------ Data extracts
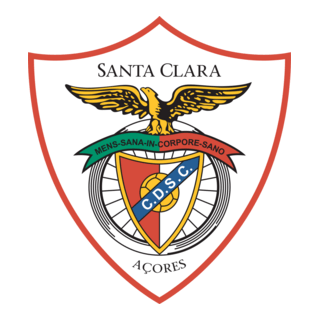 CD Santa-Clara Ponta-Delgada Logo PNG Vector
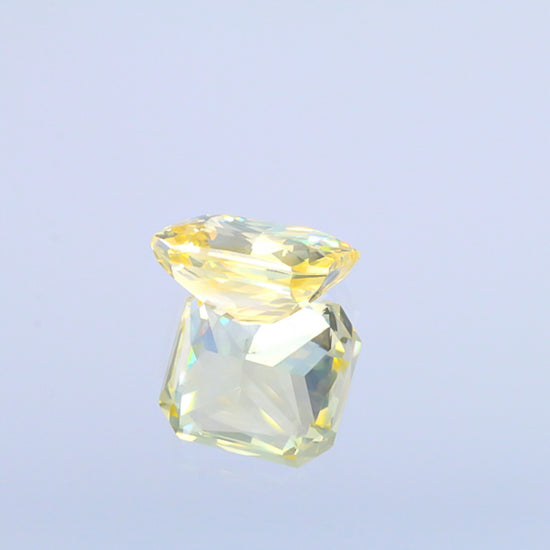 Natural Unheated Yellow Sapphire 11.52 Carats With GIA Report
------------
------ Data extracts
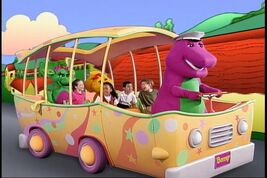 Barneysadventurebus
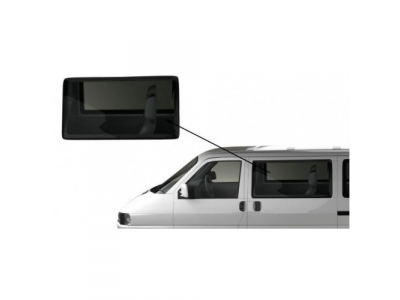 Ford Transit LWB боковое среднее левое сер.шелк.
------------
# Work request:
After locating "CD Santa-Clara Ponta-Delgada Logo PNG Vector" and "Natural Unheated Yellow" in the records above, return exactly the line holding each one and every line between them; leave out the pictures.

# Response:
 CD Santa-Clara Ponta-Delgada Logo PNG Vector
 Natural Unheated Yellow Sapphire 11.52 Carats With GIA Report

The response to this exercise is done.